* **Task to carry out**
Beginning at the line containing "Lucy Institute Bingo", give again every line through the end of the data, unchanged and with both ends included. Drop any pictures.

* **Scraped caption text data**
━━━━

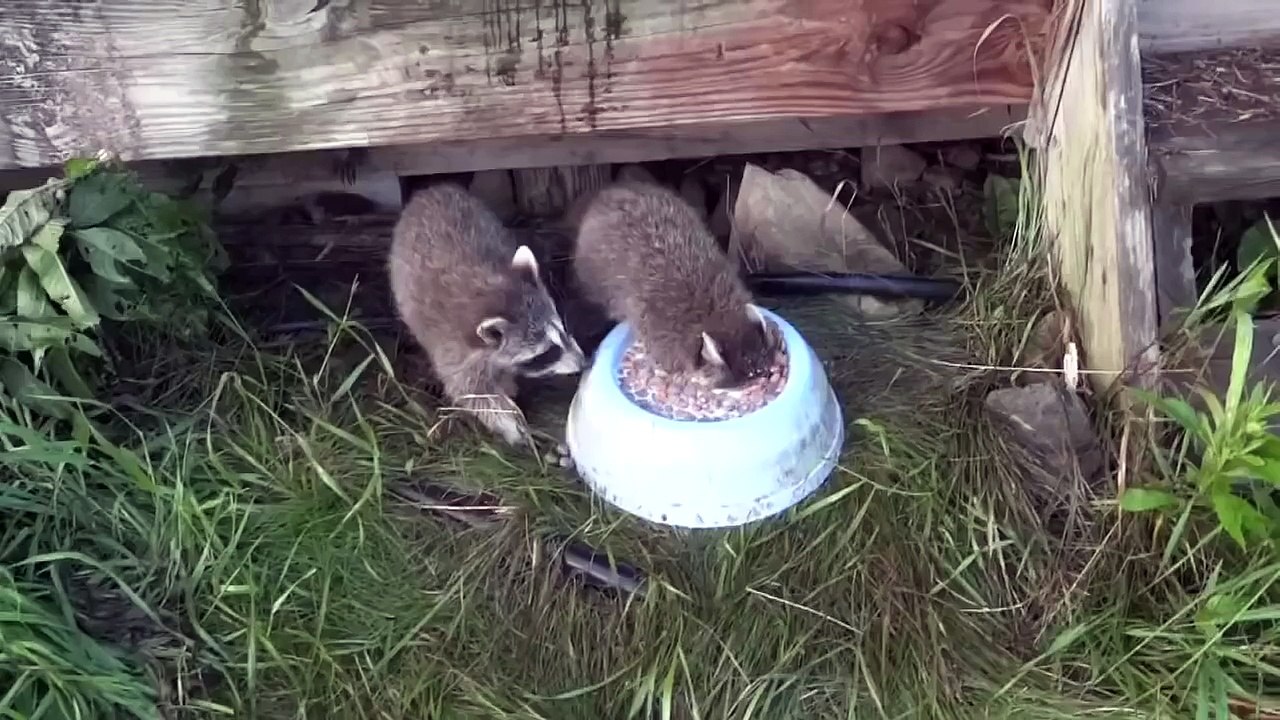 Raccoon drinking milk, ducking his head in a bowl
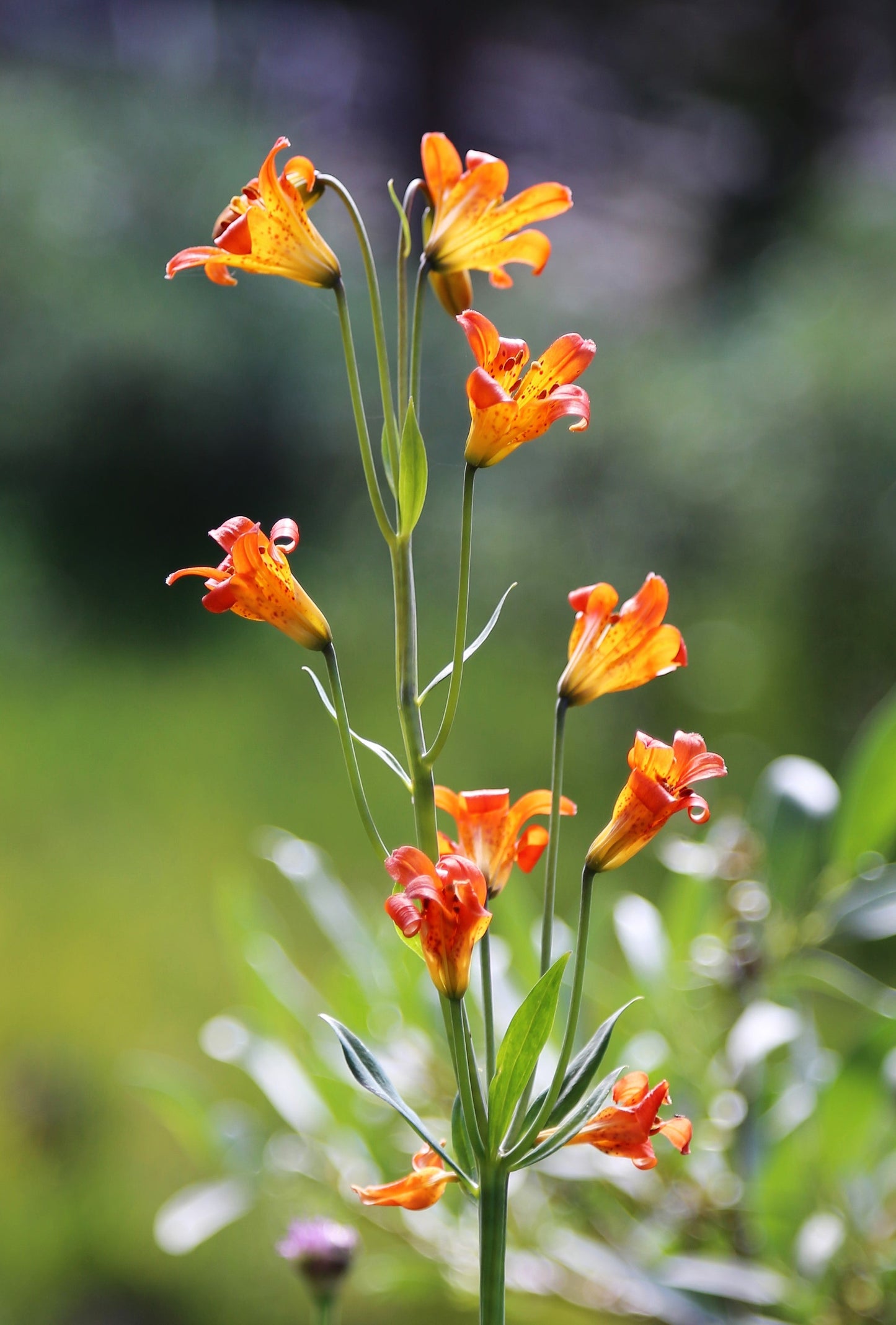 15 Western Hybrid Lily (Lillium Western Hybrids) Seeds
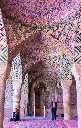 unsplash_OYTO1UKJK3M_Iran.webp.jpg.jpg.jpg.jpg.jpg.jpg.jpg.jpg.jpg.jpg.jpg.jpg.jpg.jpg.jpg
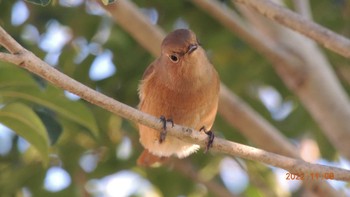 Daurian Redstart Unknown Spots Tue, 11/8/2022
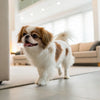 Homemade Dog Biscuits with Peanut Butter: A Delicious Treat for Your Furry Friend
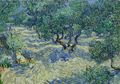 Bangkai Belalang Berusia 128 Tahun Ditemukan dalam Lukisan <i>Olive Trees</i> Van Gogh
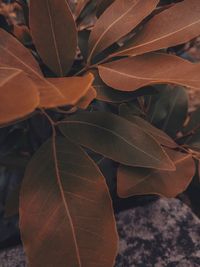 Close-up of autumn leaves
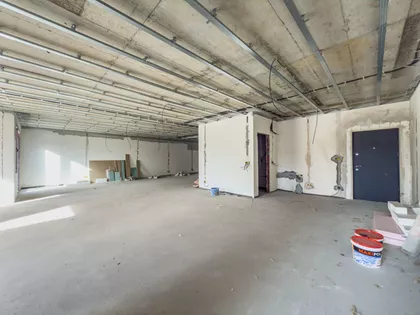 Cara Dušana | 4zida.rs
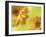 Two Yellow Chrysanthemums-Michelle Garrett-Framed Photographic Print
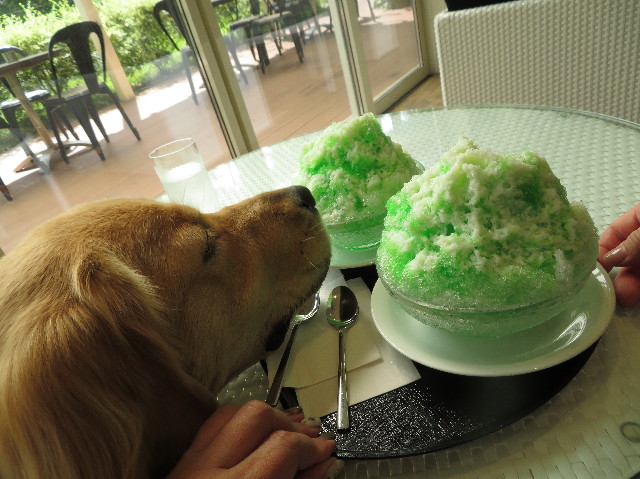 ファイル 7321-3.jpg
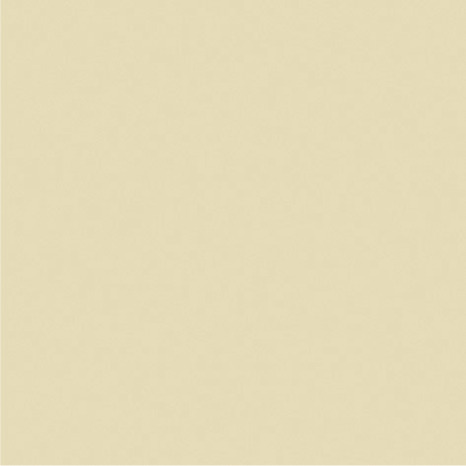 Peinture extérieure appuis fenêtre 2,5 L ton pierre mat - Evalux - Brico Dépôt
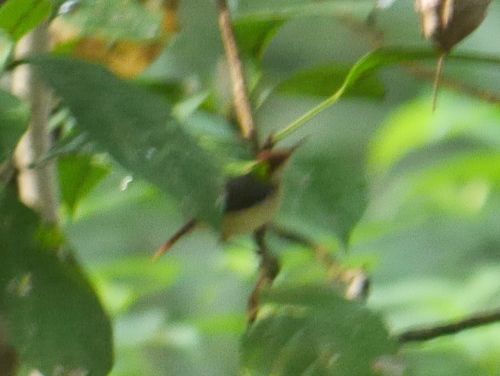 Rufous-tailed Tailorbird (Orthotomus sericeus), photo 2
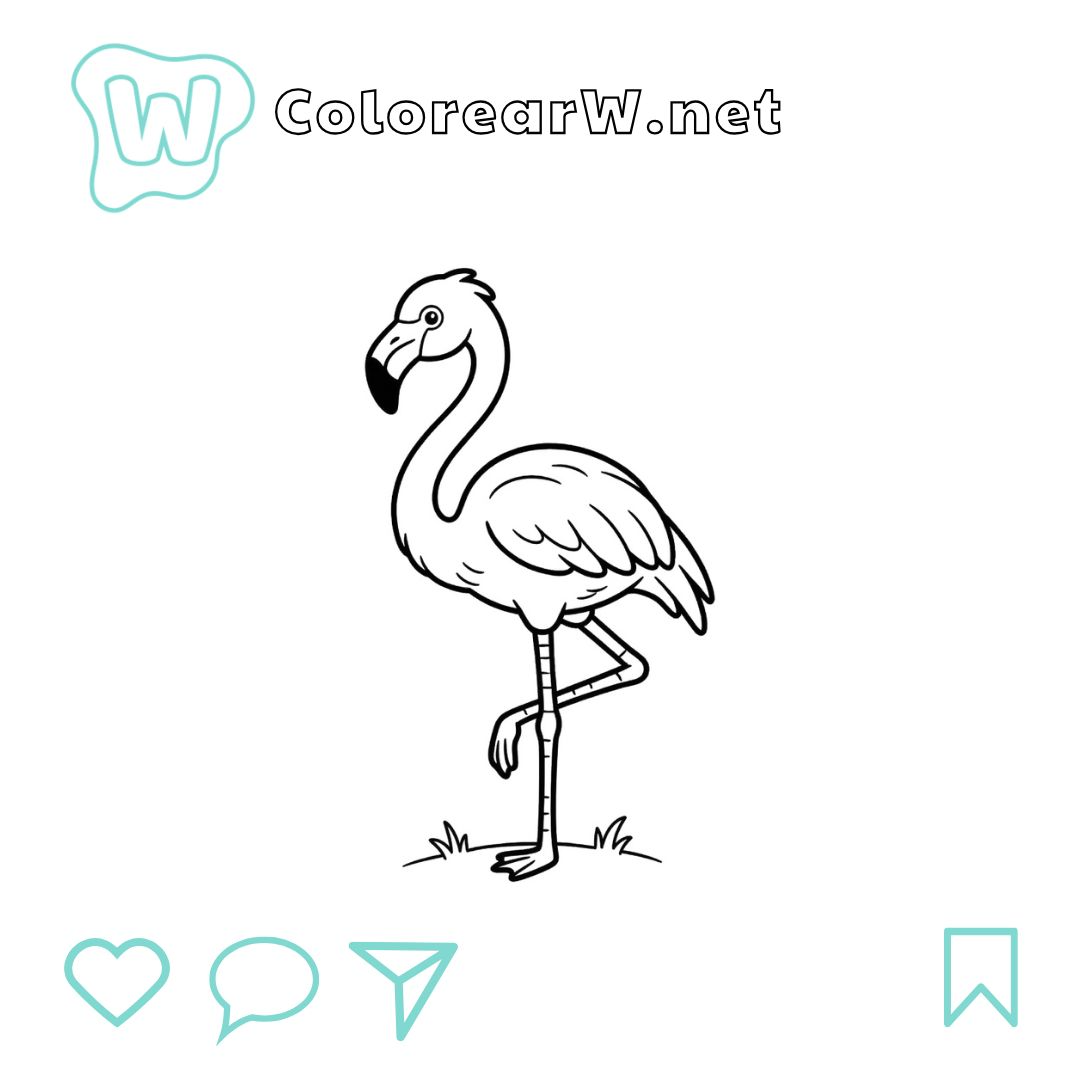 Flamenco para colorear (PDF para imprimir gratis) thumbnail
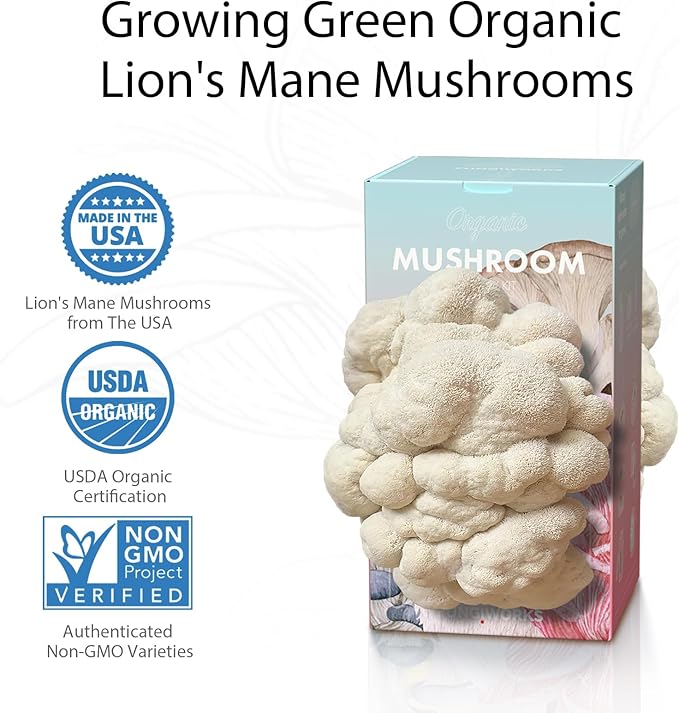 USA Organic 4lbs Lions Mane Mushroom Growing Kit, Double-Side Mushroom Grow Kit Indoor, Harvest Gourmet Mushrooms in 10 Days, Top Gardening Gift, Holiday Gift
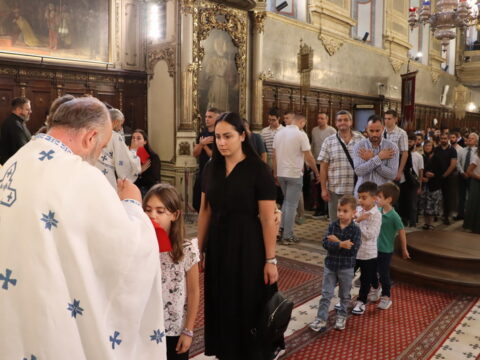 IMG_2024_resize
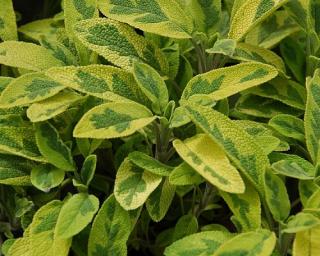 Šalvěj lékařská 'Aureomaculata' - Salvia officinalis 'Aureomaculata'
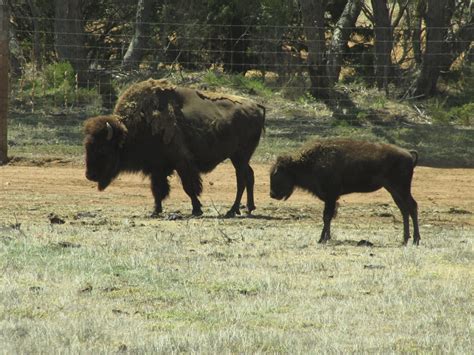 American Bison At Monarto Zoo Trevors Travels
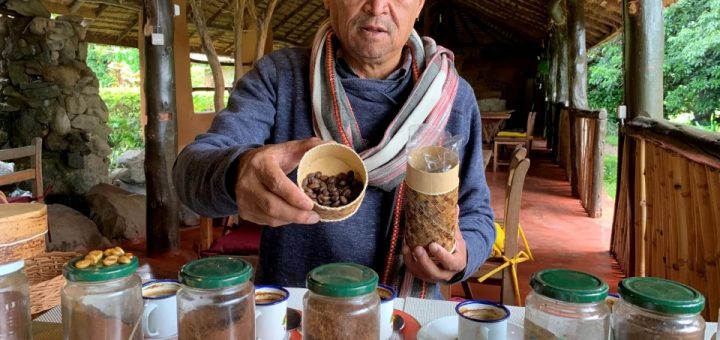 Kopi air liur kelawar digemari di Madagascar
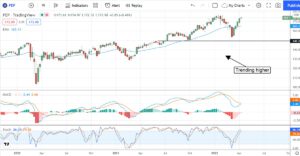 Dividend Stocks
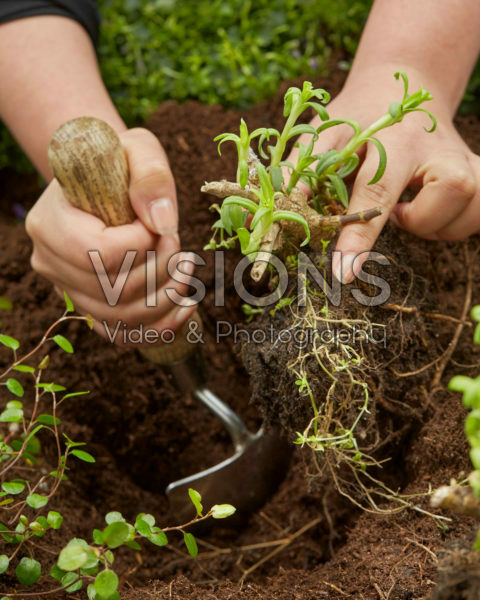 Planting Gypsophila paniculata Planting Gypsophila paniculata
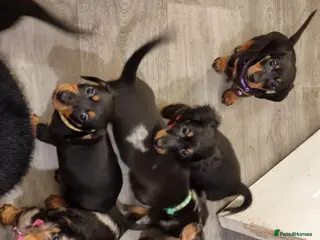 Dachshund dogs Lovely mini dachshund puppies - Advert 16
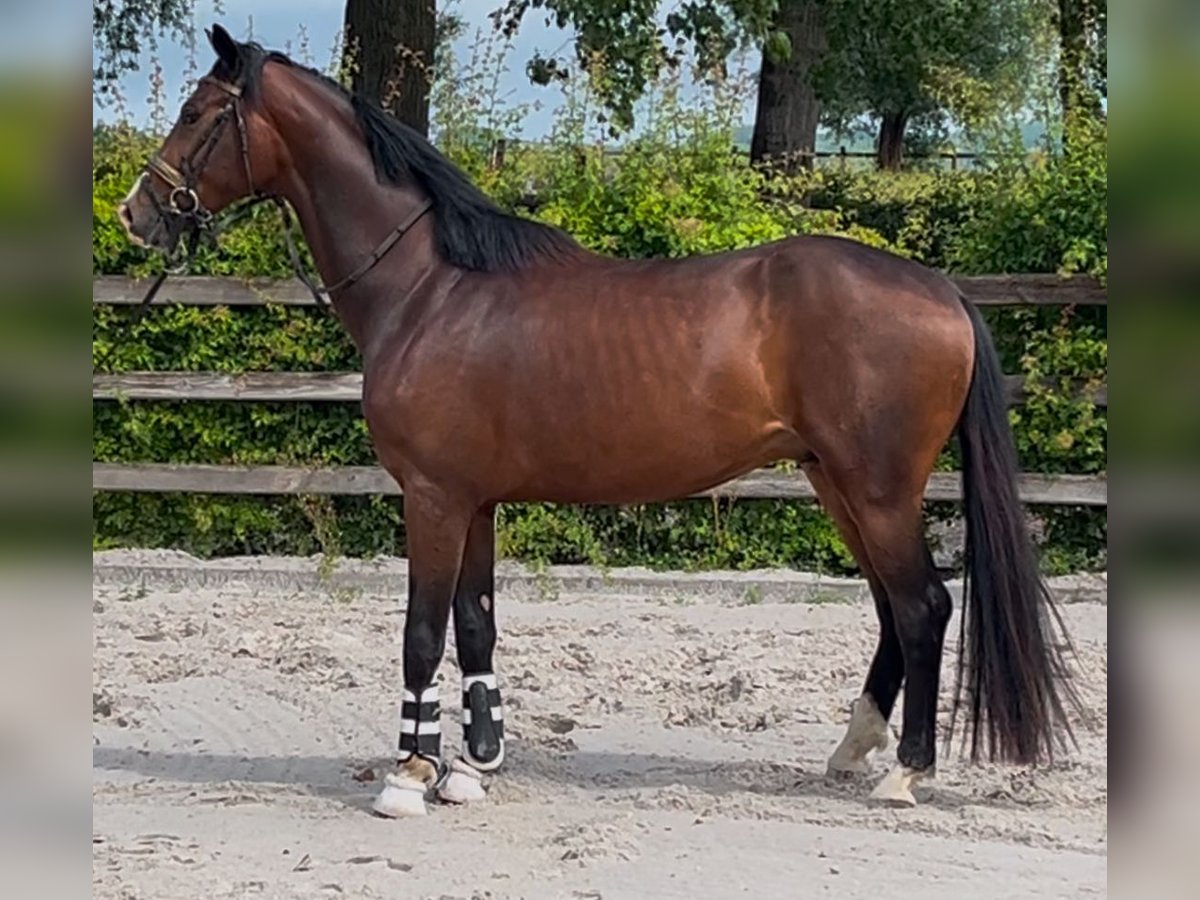 Cavallo sportivo belga Stallone 3 Anni 165 cm Baio in Lierde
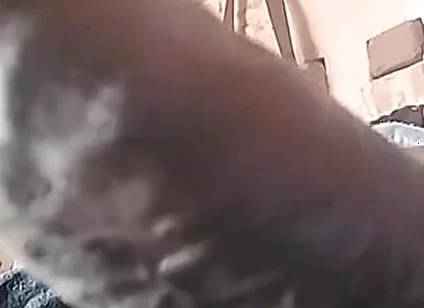 My Cock Is Very Hard and Long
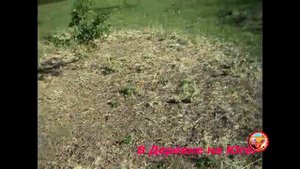 Куриный Трактор s 2. ?Самый простой и лёгкий вариант?
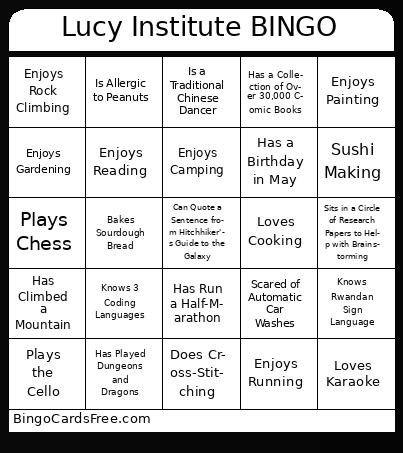 Lucy Institute Bingo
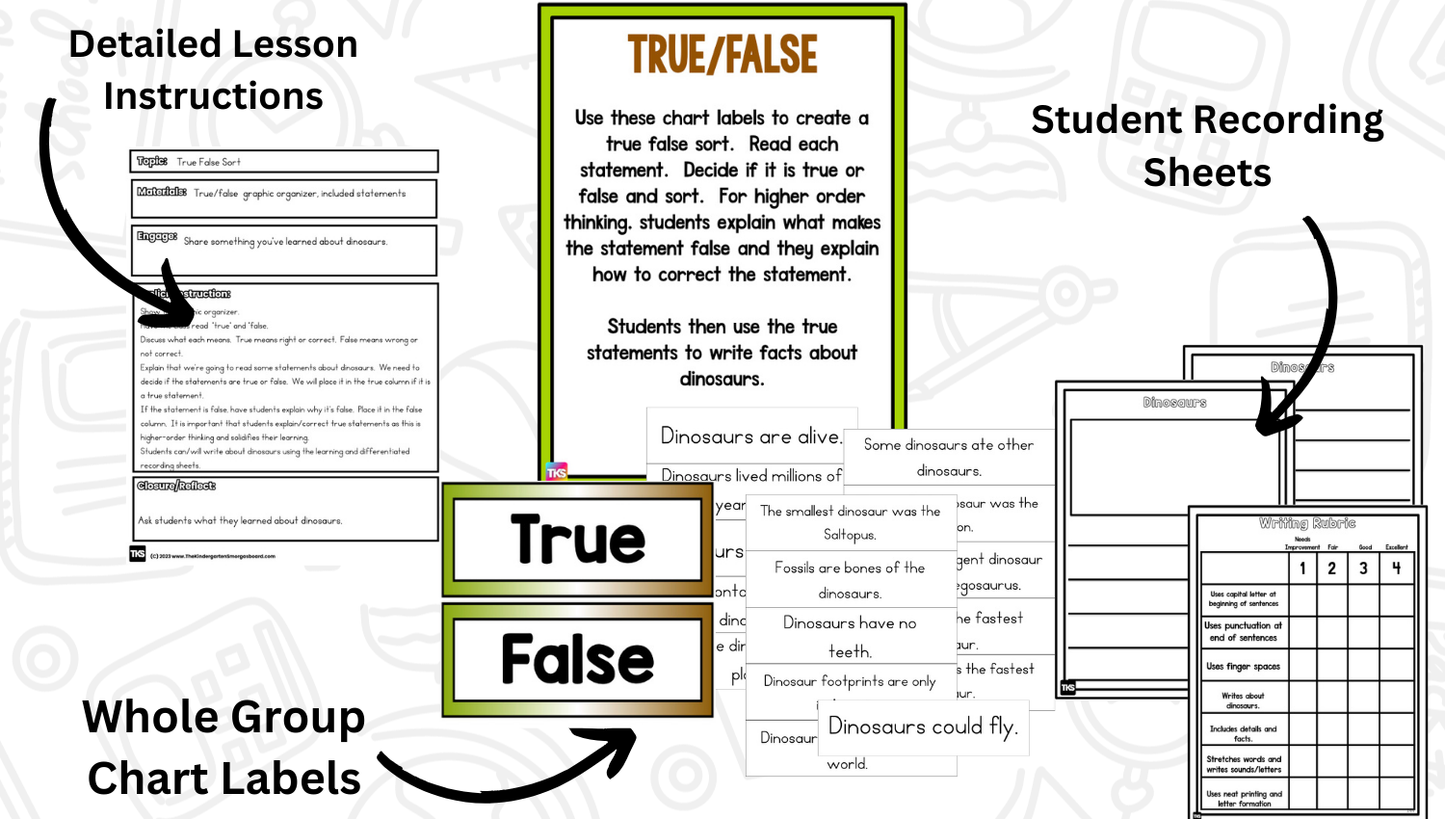 Dinosaur Research Project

━━━━

* **Problem solution**
 Lucy Institute Bingo
 Dinosaur Research Project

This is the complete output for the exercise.